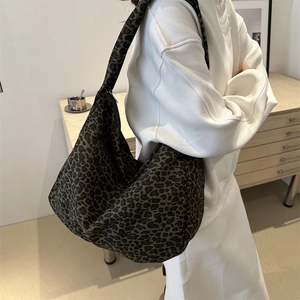 Grand sac hobo léopard pour femme en toile avec bandoulière large pour un style décontracté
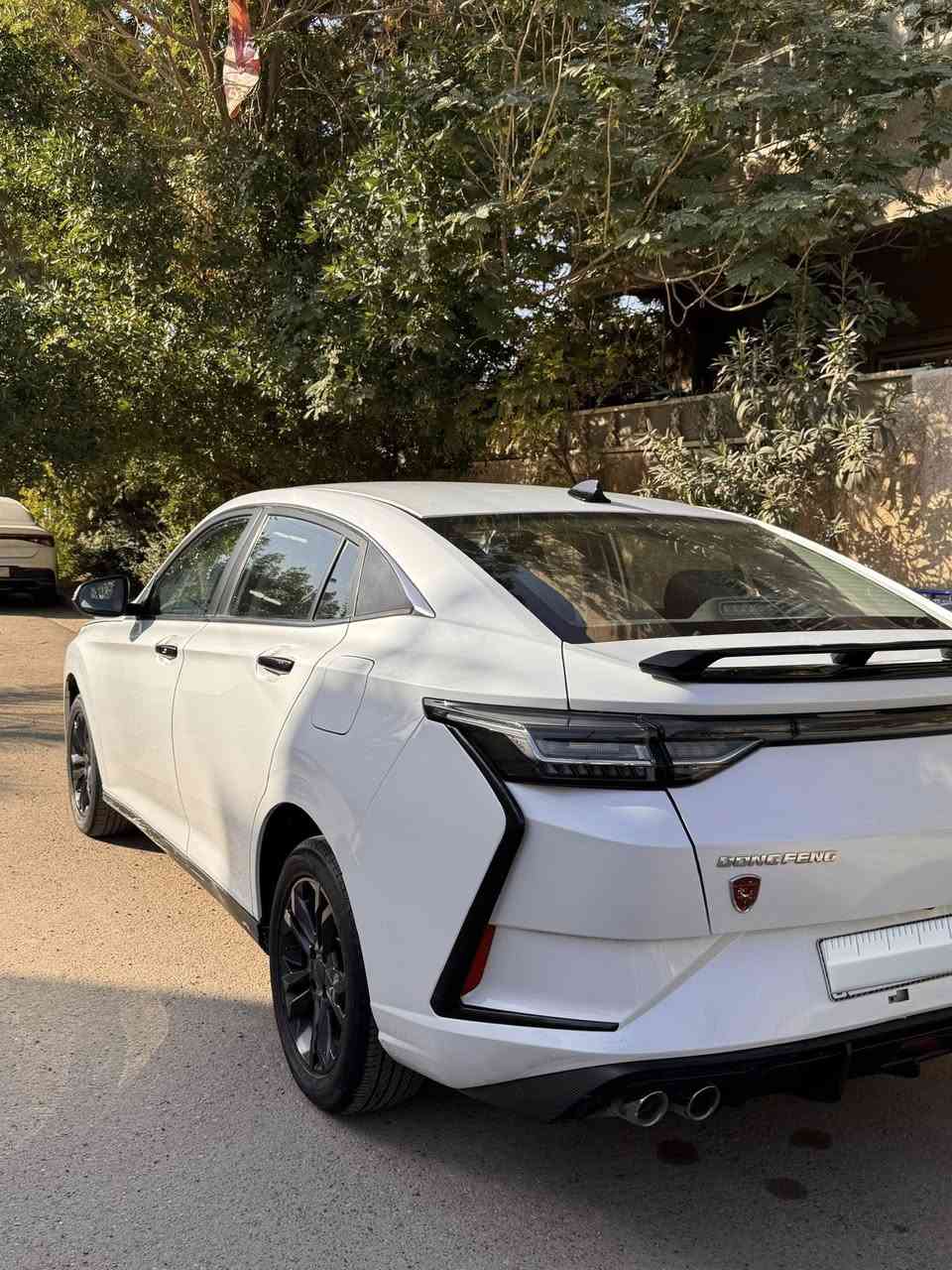 السلام عليكم دونغ فينغ شاين A30 موديل 2024 ابيض وكالة ليث العبيدي ماشية 33 الف بعدها بالضمان ( 6 سنوات او 200 الف) محرك 1500 تنفس طبيعي 
السيارة كفالة عامة عدا قبغ الجنطة النازل بي صبغ وتكحيلة مأشرات بالصور
السعر 107$ بيها مجال بسيط للشراي 
للتواصل *********** 
مكان السيارة بغداد الكرخ العدل
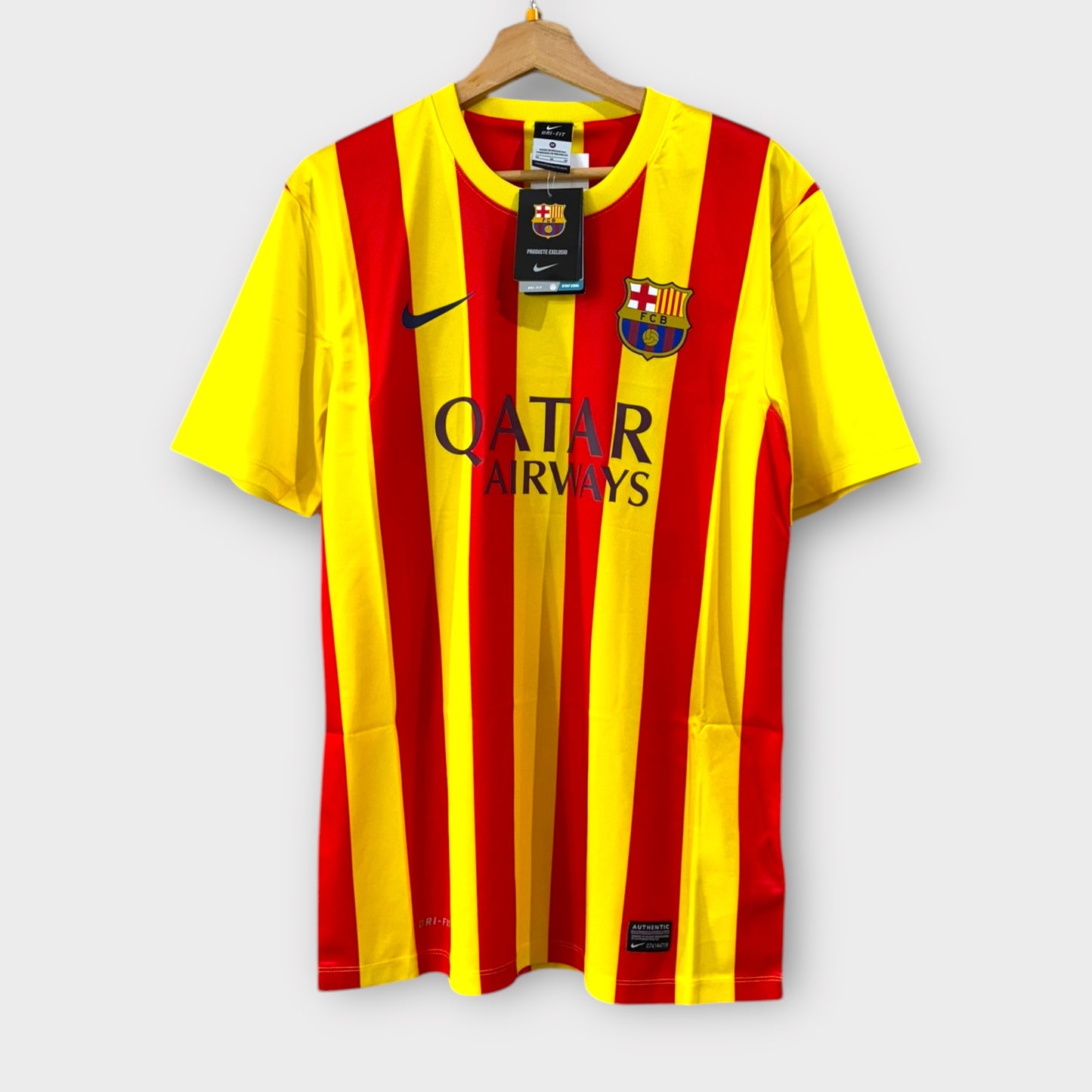 FC Barcelona 2013/14 Away Senyera -  Messi 10 (Multiple Sizes)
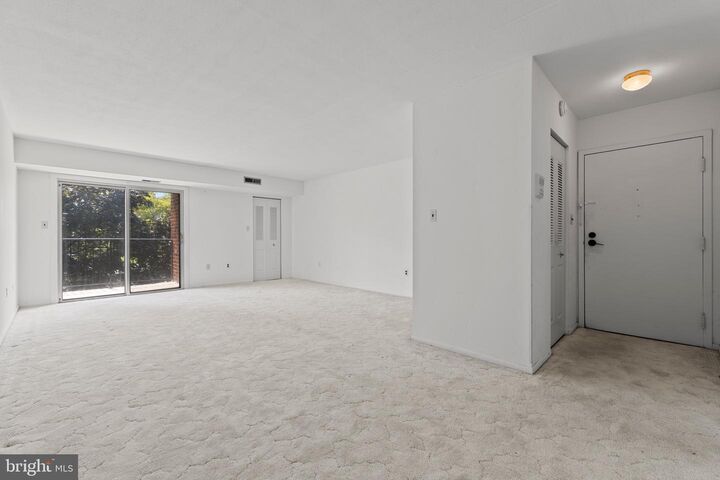 Property Photo:  6 Chase Hall  DE 19904 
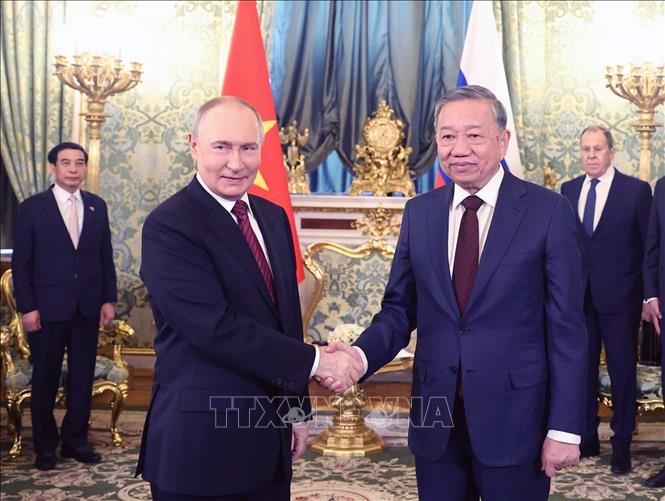 Tổng Bí thư Tô Lâm hội đàm hẹp với Tổng thống Nga Vladimir Putin. Ảnh: Thống Nhất - TTXVN 
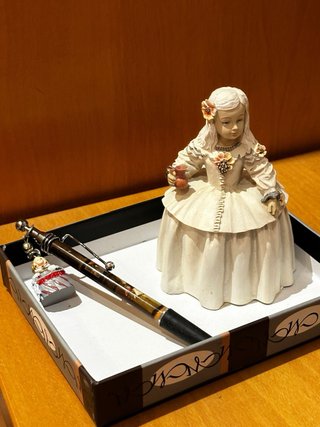 Figura Menina Velázquez con caja y bolígrafo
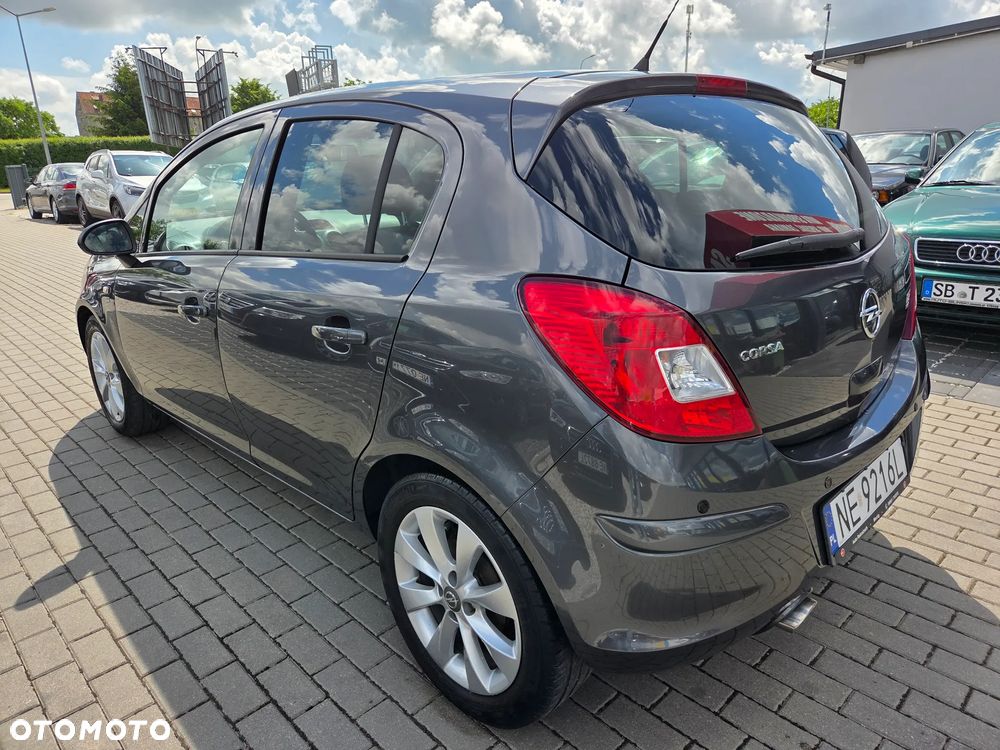Opel Corsa 1.4 16V 150 Jahre - 4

────────────────────

TASK REQUIREMENTS:
Everything in the listing above, apart from its pictures, must be repeated exactly.

REPLY:
 Grand sac hobo léopard pour femme en toile avec bandoulière large pour un style décontracté
 السلام عليكم دونغ فينغ شاين A30 موديل 2024 ابيض وكالة ليث العبيدي ماشية 33 الف بعدها بالضمان ( 6 سنوات او 200 الف) محرك 1500 تنفس طبيعي 
السيارة كفالة عامة عدا قبغ الجنطة النازل بي صبغ وتكحيلة مأشرات بالصور
السعر 107$ بيها مجال بسيط للشراي 
للتواصل *********** 
مكان السيارة بغداد الكرخ العدل
 FC Barcelona 2013/14 Away Senyera -  Messi 10 (Multiple Sizes)
 Property Photo:  6 Chase Hall  DE 19904 
 Tổng Bí thư Tô Lâm hội đàm hẹp với Tổng thống Nga Vladimir Putin. Ảnh: Thống Nhất - TTXVN 
 Figura Menina Velázquez con caja y bolígrafo
Opel Corsa 1.4 16V 150 Jahre - 4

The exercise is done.